# TASK OBJECTIVE
Find the number of lines below in which the word "Lace" occurs. Write only that number.

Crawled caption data

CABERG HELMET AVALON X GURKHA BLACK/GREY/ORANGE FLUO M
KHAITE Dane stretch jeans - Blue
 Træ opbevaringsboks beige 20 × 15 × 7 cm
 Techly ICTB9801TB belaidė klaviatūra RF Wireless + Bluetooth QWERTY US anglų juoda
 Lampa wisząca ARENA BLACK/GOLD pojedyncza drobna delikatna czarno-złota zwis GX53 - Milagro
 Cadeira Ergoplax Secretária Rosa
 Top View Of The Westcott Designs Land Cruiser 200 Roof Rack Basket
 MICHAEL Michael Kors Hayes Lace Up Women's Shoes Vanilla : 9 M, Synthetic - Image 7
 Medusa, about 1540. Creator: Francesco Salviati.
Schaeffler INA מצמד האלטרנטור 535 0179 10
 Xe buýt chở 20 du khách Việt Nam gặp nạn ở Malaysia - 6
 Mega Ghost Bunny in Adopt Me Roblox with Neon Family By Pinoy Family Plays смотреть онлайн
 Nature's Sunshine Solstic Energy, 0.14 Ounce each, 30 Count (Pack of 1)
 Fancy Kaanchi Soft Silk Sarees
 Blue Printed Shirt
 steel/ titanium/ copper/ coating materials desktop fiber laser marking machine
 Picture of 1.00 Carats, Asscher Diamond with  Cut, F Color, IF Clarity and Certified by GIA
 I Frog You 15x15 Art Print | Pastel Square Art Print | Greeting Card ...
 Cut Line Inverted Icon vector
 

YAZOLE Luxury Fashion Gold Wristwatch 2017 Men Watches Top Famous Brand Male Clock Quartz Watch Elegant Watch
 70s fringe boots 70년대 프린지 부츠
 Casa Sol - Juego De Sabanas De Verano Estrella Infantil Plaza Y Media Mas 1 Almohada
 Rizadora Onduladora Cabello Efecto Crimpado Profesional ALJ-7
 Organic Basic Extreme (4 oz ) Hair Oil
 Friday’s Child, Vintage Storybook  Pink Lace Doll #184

# YOUR SOLUTION
2